My Livescribe notes from a recent (non-msnbc) food writing outing. If I tap anywhere in the notes, the pen begins playing the audio from that point.

Originally posted April 15, 2011, and revised Aug. 19, 2011, to reflect upgrades.

When I joined msnbc.com nearly 12 years ago, I made an abrupt transition at age 38 from a very traditional newspaper orientation.

When I worked at The Charlotte Observer, Congressional Quarterly, Knight-Ridder Washington and The Washington Post, I had been using the same tools for almost 20 years:

• The standard reporter’s notebook and pen.

• A landline telephone with an audio pickup to record interviews.

• A handheld audio recorder for field interviews.

• A “portable” (but actually fairly bulky) point-and-shoot camera. Later, that got traded in for an equally bulky portable camera that could shoot as much as 90 seconds  of grainy video.

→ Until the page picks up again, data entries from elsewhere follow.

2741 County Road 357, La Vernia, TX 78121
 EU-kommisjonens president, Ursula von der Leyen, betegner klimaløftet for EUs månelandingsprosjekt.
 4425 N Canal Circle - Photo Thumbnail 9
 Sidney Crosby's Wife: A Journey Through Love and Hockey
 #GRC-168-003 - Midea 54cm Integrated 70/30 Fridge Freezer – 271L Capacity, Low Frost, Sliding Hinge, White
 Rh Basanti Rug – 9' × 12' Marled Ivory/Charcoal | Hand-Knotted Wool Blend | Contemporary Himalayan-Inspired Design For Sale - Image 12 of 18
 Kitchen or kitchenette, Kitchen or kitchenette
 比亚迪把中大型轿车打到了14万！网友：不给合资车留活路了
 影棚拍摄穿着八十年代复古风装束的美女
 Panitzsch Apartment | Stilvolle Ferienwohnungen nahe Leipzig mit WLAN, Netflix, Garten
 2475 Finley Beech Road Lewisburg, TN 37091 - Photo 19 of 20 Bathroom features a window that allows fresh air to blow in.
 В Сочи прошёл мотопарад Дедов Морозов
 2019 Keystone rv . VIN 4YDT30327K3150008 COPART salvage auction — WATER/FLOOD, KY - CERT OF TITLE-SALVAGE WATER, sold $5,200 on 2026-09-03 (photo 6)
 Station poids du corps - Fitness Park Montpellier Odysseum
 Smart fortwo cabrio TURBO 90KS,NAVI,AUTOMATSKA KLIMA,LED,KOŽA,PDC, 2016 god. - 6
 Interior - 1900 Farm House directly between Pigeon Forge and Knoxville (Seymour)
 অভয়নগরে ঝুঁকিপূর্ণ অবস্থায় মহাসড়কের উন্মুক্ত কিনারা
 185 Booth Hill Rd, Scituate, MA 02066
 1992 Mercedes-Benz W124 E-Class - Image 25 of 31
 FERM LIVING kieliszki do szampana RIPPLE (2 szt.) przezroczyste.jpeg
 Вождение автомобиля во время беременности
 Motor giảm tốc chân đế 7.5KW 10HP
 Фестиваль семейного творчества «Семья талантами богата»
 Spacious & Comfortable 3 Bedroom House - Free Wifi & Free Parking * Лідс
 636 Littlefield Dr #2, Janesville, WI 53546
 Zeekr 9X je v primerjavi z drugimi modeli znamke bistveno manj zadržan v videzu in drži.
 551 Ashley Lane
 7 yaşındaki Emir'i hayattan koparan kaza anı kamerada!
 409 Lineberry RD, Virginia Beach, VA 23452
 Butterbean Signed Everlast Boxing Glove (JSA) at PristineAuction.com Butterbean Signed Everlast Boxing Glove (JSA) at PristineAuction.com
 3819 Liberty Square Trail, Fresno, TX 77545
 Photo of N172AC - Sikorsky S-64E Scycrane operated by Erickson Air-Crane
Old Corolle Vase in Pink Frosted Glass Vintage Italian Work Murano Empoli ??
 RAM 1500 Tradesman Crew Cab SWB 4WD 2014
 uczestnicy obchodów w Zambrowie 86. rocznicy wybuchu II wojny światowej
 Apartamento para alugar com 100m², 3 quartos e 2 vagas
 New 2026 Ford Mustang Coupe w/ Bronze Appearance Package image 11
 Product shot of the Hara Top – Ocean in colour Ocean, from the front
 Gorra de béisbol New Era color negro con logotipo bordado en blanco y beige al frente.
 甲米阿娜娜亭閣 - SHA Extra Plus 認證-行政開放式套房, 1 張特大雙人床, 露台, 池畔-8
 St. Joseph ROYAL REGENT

With standard variations for specific assignments (if you were ever a cops reporter, you’ll remember clipping a brick-size beeper to your belt), those were the tools print reporters used for decades.

I recently returned to work after having taken a couple of weeks off, during which I did nothing remotely job-related, and the tools I use now were scattered on my desk where I’d left them. I was struck by how remarkably different they are.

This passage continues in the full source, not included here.